> **TASK DIRECTIONS**
Please print the entries below exactly, from the line with "Nuova Donatella Styling" through the line with "Acclaim Law Group", including both of those lines and leaving out all others.

> **RECORDS FOR THE TASK**

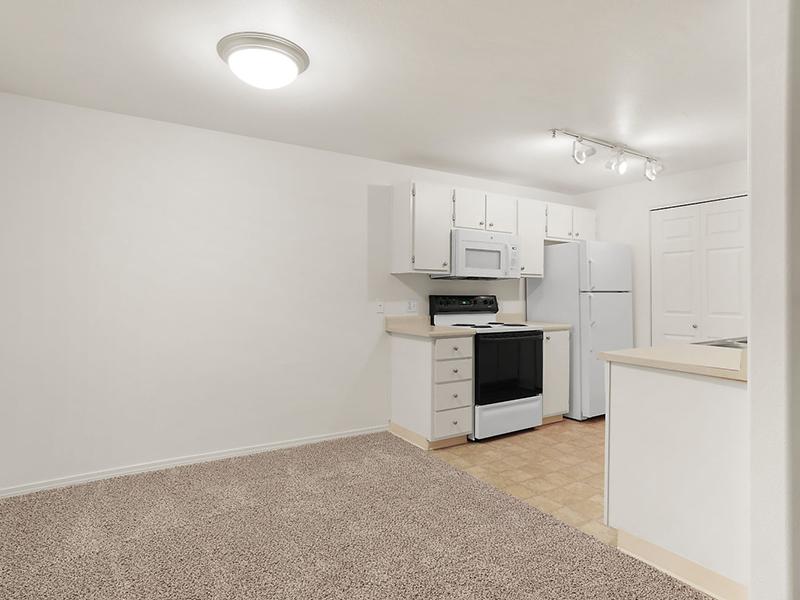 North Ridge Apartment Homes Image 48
...
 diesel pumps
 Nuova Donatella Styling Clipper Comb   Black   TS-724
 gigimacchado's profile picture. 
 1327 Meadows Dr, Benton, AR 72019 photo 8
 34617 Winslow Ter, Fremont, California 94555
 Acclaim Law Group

> **OUTPUT OF THE TASK**
 Nuova Donatella Styling Clipper Comb   Black   TS-724
 gigimacchado's profile picture. 
 1327 Meadows Dr, Benton, AR 72019 photo 8
 34617 Winslow Ter, Fremont, California 94555
 Acclaim Law Group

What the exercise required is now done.